Grâce à une structuration plus solide, une nouvelle phase de développement peut commencer pour le réseau Lina’s. Le franchiseur a inauguré deux nouveaux magasins en propre en septembre et octobre, rue de la Boétie et au Printemps Haussmann à Paris. Ils viennent s’ajouter aux quatre magasins déjà détenus par le franchiseur en France et seront rejoints par deux nouvelles boutiques parisiennes. La première doit ouvrir en janvier place du Maréchal Juin et la seconde d’ici à fin mars avenue Pierre 1er de Serbie. Quant aux franchisés, présents principalement à l’international – trois boutiques seulement à Paris – et organisés en master franchises, ils poursuivent aussi leur croissance. Au Liban, deux nouveaux magasins ont ouvert, en juillet et en novembre. À Séoul, un nouveau magasin a ouvert à l’aéroport tandis que le Qatar a inauguré un second établissement en novembre. Des discussions sont en cours pour implanter la marque à Londres et dans des villes françaises. « Désormais, en tant que franchiseurs, nous accompagnons et suivons de près les franchisés qui se développent », insiste Ziad Bou Antoun.
Après avoir infusé sa méthode à Lina’s, Noura envisage à son tour de s’inspirer de son modèle et réfléchit sérieusement à la création de son propre réseau de franchisés, afin d’élargir sa présence aux grandes villes de province françaises et aux capitales étrangères. « Il n’y a rien d’officiel encore », insiste Ziad Bou Antoun. Mais, quoi qu’il en soit, assure le porte-parole de Noura, « les franchisés seront sélectionnés de manière drastique et suivis de près ». Pas question d’abandonner la philosophie qui fait le succès de la famille : une gestion intégrée et une offre maîtrisée.

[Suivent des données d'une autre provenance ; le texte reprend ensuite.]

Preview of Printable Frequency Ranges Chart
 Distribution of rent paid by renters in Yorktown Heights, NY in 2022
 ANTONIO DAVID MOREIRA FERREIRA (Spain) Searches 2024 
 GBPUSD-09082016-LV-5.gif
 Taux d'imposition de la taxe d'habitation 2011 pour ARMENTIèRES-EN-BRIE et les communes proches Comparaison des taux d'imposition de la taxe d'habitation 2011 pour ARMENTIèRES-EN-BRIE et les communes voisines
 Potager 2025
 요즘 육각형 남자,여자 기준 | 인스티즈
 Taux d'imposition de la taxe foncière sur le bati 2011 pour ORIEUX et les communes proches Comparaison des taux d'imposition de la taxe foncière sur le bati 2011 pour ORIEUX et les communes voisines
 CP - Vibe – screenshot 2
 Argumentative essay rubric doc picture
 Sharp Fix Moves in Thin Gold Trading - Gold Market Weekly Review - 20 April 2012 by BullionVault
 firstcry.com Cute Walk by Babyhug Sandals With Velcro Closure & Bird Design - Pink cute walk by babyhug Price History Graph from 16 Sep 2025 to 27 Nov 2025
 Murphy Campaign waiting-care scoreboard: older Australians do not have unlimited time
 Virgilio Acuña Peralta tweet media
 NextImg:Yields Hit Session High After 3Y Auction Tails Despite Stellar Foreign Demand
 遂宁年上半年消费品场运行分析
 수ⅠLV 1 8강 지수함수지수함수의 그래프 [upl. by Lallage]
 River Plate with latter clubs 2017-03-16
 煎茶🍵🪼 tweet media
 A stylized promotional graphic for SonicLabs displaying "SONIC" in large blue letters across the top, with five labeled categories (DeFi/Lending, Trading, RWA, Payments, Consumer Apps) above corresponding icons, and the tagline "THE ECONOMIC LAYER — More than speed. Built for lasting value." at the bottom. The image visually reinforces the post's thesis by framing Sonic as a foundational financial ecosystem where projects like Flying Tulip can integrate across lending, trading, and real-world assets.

Difficile mariage avec l’Institut du monde arabe

Les déboires de Noura avec l’Institut du monde arabe ont débuté tout juste après avoir emporté, à l’automne 2007, le contrat d’exploitation de 10 ans du restaurant le Zyriab installé au dernier étage de l’Institut du monde arabe à Paris. La famille Bou Antoun les attribue à la mauvaise volonté administrative de son prédécesseur déchu au jeu de l’appel d’offres et explique avoir mis plusieurs mois à résoudre un conflit social lié à la reprise des salariés. Six ans plus tard, l’arrivée de l’ancien ministre Jack Lang à la tête de l’Ima est à nouveau source d’ennuis. « Dès le début, il nous a fait savoir qu’il n’aimait pas la cuisine libanaise ni Noura, se rappelle Ziad Bou Antoun. L’Ima a commencé à nous reprocher un tas de choses non vérifiées, de l’hygiène aux normes de sécurité en passant par la qualité de la nourriture. » L’objectif était avec un tel dossier de résilier le contrat avant terme. Le contentieux a été porté devant le tribunal de commerce de Paris qui, en mai dernier, a débouté l’Ima et annulé la résiliation. L’Ima a fait appel. L’audience a eu lieu en novembre. La date du délibéré était encore inconnue à la mi-décembre.
Entre-temps, un autre litige a opposé les deux parties, autour de factures impayées. « Jack Lang consommait tous les jours et laissait des notes importantes. On pouvait attendre jusqu’à neuf mois leur paiement, quand elles étaient réglées... » Lorsque le crédit accumulé a atteint quelque 40 000 euros, l’affaire a filtré dans les médias, poussant finalement les intéressés à régler l’ardoise.